_What the exercise asks:_
Would you transcribe only the lines below, from the one containing "this 640×448 image." through the end of the material, exactly and with no pictures?

%%

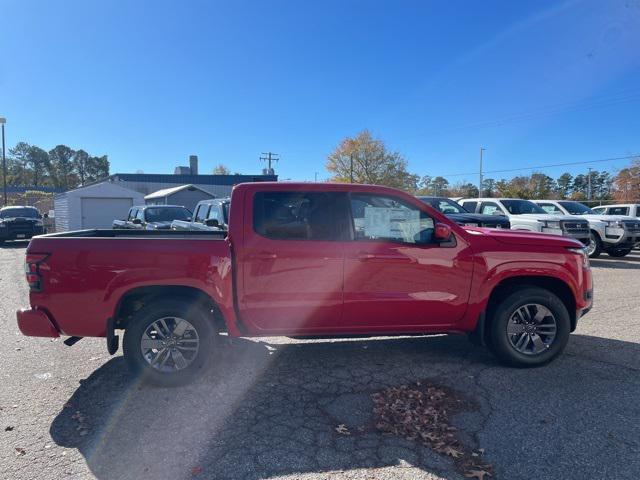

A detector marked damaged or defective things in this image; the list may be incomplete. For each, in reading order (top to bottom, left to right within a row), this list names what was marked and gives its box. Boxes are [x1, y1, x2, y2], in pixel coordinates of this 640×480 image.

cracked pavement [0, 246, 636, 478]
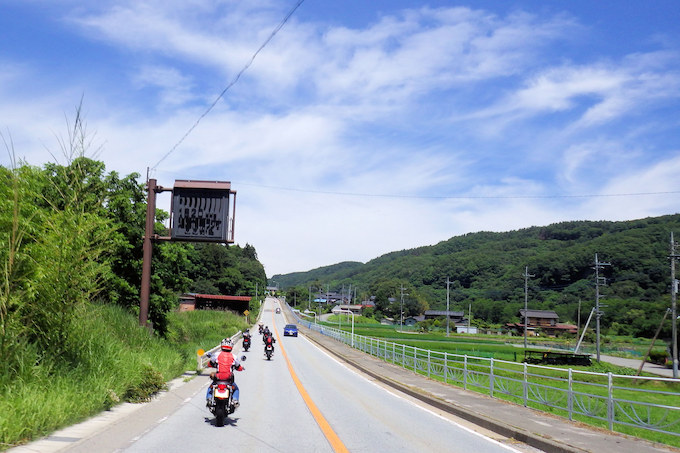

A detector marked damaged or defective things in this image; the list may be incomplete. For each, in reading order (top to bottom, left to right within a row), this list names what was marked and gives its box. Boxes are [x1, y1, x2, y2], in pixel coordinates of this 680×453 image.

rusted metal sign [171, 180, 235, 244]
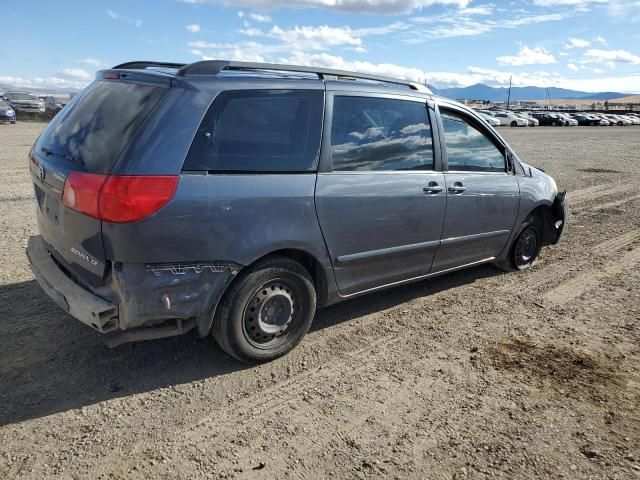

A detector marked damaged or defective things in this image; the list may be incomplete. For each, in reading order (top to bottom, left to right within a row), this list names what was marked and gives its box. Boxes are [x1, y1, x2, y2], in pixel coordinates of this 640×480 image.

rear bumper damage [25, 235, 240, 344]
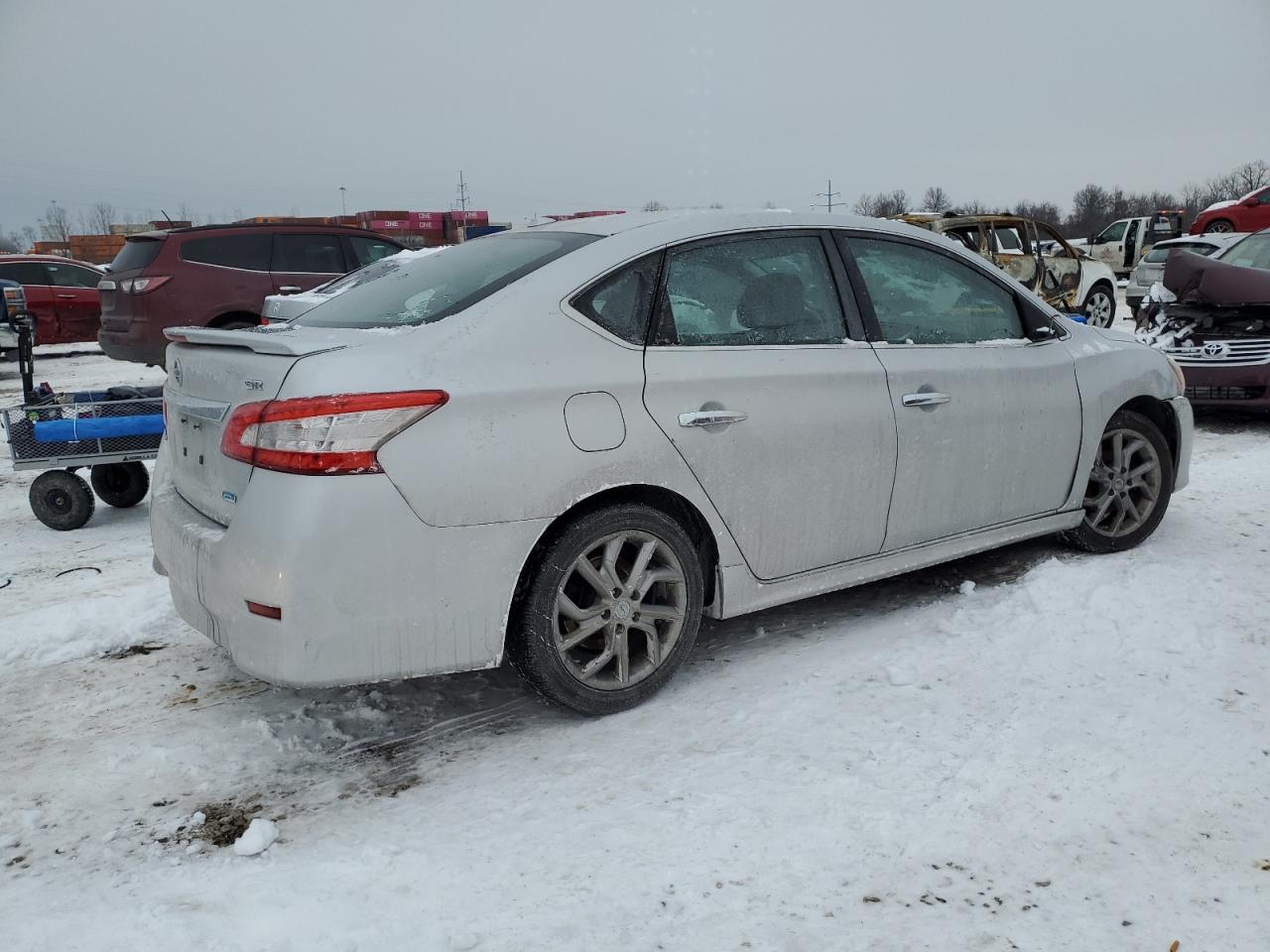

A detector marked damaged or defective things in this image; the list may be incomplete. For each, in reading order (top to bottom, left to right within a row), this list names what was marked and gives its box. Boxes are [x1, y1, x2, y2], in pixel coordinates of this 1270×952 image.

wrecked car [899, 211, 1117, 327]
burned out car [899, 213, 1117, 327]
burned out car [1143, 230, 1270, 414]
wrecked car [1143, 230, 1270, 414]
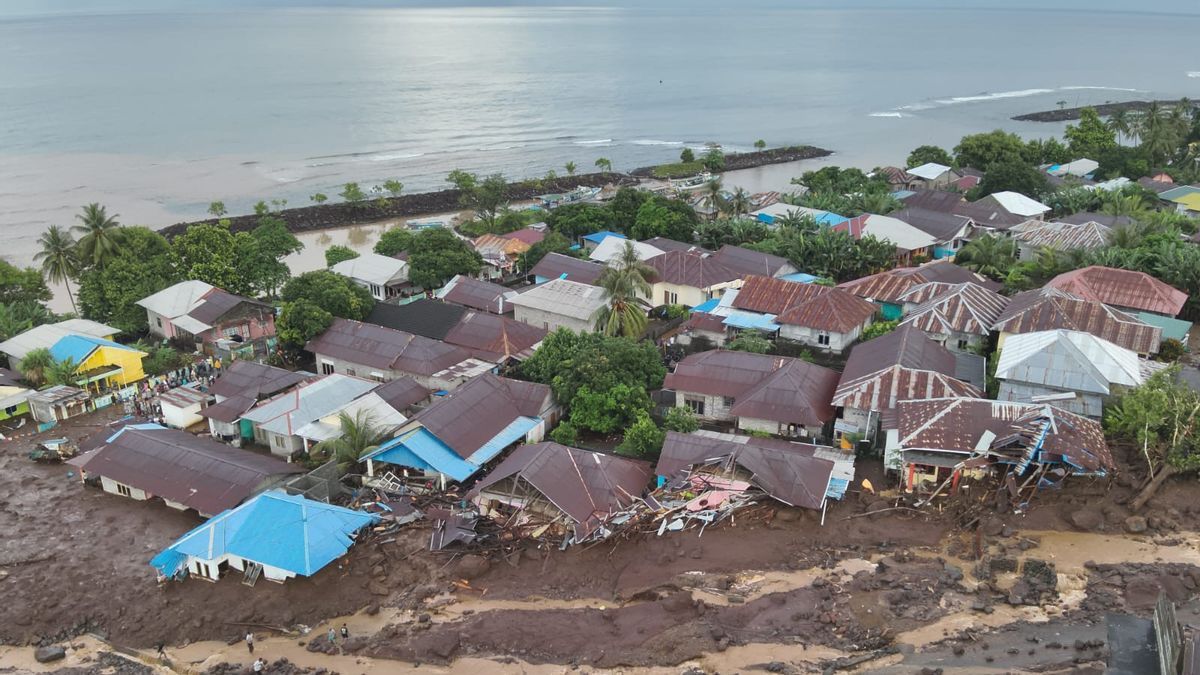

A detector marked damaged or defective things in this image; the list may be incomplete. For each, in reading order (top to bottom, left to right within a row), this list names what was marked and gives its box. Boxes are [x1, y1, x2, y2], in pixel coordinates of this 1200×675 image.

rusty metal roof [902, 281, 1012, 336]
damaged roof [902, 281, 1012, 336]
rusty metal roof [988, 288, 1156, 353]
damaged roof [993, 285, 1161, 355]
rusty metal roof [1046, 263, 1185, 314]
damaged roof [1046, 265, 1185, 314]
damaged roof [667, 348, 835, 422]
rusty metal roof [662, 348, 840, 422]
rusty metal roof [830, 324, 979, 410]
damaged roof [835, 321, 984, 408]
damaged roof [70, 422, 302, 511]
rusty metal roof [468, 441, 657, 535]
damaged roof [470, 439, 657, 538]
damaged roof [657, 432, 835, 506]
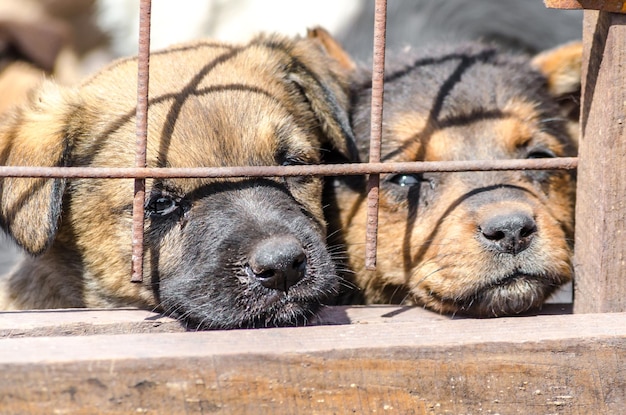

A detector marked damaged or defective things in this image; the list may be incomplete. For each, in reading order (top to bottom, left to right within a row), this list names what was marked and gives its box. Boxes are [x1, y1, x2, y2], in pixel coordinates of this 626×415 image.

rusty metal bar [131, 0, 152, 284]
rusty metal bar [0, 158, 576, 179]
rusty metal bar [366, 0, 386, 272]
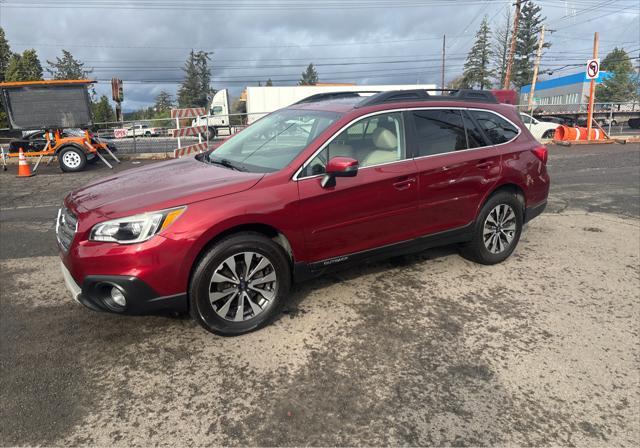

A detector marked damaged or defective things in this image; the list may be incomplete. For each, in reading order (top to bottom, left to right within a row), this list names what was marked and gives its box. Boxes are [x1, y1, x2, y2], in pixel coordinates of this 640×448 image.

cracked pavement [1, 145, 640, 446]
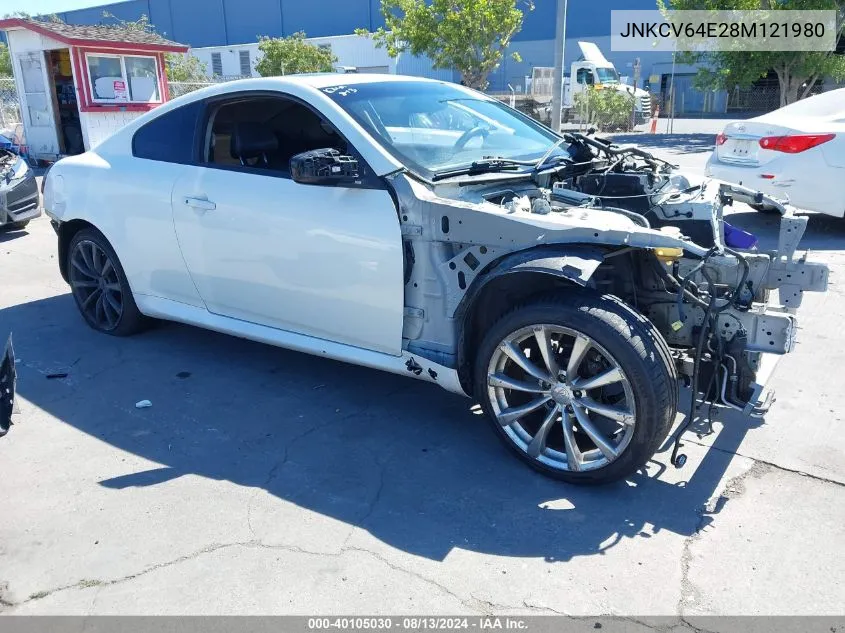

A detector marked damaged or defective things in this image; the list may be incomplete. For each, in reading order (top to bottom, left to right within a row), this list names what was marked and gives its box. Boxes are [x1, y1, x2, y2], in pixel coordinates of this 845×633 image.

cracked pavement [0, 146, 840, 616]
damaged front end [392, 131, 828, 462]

%%

_Output of the task:_
A detector marked damaged or defective things in this image; the list may be incomplete. For each, in reading order (top to bottom, left to right within a row), this list names what was marked and gives its box. Boxes are [x1, y1, x2, y2], in pixel coordinates of this 640×448 image.

cracked pavement [1, 145, 640, 446]

A detector marked damaged or defective things in this image; the list may be incomplete. For each, in reading order (top to bottom, left to right within a row), this list names what was marked and gives its box. Boxes are [x1, y1, x2, y2], in pixel coordinates of this 845×633 image.

cracked pavement [0, 146, 840, 616]
damaged front end [392, 131, 828, 462]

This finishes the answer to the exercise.